Your output should be the line with "ever EDEN|Flowy Chiffon" plus all following lines to the end of the records, exactly as written and nothing more.

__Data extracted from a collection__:
★ ★ ★
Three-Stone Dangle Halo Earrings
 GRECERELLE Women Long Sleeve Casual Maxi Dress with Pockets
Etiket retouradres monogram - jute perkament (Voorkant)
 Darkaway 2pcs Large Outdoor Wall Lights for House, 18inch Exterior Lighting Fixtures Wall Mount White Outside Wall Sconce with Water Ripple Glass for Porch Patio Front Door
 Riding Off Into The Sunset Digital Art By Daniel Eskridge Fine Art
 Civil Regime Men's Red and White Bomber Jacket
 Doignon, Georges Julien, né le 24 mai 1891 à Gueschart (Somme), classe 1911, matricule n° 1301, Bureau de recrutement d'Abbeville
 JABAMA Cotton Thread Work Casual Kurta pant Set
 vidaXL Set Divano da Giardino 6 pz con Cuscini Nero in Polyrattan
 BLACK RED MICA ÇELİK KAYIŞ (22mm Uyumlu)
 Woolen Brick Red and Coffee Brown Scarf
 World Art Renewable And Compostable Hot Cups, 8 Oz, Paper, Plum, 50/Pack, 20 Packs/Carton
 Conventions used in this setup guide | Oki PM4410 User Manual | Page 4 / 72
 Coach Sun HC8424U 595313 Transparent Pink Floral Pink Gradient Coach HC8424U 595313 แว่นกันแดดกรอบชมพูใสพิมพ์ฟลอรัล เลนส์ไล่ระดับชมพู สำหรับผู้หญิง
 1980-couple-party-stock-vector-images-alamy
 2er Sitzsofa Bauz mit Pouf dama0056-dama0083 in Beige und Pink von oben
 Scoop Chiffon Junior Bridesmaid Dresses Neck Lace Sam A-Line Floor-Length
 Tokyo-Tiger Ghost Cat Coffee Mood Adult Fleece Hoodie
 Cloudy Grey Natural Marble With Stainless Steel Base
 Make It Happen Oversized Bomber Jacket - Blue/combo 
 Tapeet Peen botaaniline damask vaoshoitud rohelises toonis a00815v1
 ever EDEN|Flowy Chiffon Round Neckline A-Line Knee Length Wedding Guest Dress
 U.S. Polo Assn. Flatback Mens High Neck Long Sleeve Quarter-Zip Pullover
★ ★ ★
__Answer to this exercise__:
 ever EDEN|Flowy Chiffon Round Neckline A-Line Knee Length Wedding Guest Dress
 U.S. Polo Assn. Flatback Mens High Neck Long Sleeve Quarter-Zip Pullover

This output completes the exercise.